Directions for this task:
The required result is each line of the entries below containing the string "dạng".

□ □ □ □ □

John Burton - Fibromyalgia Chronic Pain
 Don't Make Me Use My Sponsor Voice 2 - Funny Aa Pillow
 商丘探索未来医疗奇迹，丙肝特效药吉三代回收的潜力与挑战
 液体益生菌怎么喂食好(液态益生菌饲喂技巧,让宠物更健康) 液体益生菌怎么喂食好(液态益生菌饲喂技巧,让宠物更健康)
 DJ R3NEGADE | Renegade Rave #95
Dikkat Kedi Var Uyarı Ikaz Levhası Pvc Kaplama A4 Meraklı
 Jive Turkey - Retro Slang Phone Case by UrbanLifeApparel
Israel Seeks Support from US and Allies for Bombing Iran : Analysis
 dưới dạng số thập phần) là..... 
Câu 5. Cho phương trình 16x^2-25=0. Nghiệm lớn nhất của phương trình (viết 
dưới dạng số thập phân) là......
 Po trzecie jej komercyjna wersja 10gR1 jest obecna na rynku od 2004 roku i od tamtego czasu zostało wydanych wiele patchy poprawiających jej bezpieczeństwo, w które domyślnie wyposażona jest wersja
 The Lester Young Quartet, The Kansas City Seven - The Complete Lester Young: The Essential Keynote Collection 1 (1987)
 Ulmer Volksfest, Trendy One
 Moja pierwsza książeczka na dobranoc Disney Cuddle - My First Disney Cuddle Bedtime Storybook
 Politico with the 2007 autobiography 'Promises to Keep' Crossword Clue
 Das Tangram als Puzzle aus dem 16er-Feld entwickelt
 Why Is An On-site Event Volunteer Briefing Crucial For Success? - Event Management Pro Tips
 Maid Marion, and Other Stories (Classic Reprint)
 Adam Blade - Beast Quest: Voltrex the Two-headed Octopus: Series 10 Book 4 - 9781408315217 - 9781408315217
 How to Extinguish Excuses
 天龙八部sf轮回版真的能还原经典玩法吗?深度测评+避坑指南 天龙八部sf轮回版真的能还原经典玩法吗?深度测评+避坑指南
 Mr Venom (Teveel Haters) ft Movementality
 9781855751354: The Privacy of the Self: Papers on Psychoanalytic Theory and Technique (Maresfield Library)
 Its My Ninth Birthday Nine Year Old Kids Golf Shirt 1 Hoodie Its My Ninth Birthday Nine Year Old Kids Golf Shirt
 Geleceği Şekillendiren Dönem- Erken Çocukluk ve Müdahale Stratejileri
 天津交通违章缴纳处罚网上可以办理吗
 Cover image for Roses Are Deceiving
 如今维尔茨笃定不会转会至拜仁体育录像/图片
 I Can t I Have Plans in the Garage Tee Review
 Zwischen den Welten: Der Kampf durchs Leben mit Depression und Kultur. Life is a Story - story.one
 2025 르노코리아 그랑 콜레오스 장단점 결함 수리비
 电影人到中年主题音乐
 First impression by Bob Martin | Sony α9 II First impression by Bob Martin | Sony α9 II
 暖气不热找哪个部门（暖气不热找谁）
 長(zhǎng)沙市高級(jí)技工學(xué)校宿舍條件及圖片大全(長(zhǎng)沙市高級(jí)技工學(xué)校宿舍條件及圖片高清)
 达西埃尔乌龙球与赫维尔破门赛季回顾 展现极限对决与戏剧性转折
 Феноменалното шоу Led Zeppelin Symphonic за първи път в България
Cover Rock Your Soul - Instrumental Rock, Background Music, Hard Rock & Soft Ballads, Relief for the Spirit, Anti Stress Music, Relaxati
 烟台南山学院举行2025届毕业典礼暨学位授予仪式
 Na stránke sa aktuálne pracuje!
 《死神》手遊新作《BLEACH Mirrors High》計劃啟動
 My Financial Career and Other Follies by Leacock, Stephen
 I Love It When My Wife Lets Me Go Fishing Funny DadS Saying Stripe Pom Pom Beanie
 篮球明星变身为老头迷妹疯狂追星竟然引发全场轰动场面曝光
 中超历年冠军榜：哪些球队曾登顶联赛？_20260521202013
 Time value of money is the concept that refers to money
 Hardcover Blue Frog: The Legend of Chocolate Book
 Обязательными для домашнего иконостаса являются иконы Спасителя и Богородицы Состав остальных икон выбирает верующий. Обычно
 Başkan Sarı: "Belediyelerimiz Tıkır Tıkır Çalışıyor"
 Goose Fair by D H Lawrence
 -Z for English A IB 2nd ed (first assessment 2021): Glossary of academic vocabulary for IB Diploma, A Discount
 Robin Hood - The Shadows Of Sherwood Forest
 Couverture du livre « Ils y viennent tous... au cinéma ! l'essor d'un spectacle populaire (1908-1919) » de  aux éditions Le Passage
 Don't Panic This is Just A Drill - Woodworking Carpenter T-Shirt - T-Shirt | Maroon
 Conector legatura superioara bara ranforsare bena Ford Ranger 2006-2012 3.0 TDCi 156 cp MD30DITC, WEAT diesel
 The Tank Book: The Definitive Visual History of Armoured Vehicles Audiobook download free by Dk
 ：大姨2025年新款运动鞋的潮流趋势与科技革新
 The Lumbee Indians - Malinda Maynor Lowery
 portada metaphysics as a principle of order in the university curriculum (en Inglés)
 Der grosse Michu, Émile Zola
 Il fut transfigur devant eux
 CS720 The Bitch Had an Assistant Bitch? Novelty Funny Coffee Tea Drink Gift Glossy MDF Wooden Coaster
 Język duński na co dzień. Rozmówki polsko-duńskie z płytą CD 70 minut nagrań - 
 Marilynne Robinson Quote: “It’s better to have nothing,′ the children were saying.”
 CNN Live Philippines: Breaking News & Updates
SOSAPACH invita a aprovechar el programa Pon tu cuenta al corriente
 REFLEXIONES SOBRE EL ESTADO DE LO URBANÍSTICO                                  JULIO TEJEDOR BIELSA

□ □ □ □ □

Output of the exercise:
 dưới dạng số thập phần) là..... 
dưới dạng số thập phân) là......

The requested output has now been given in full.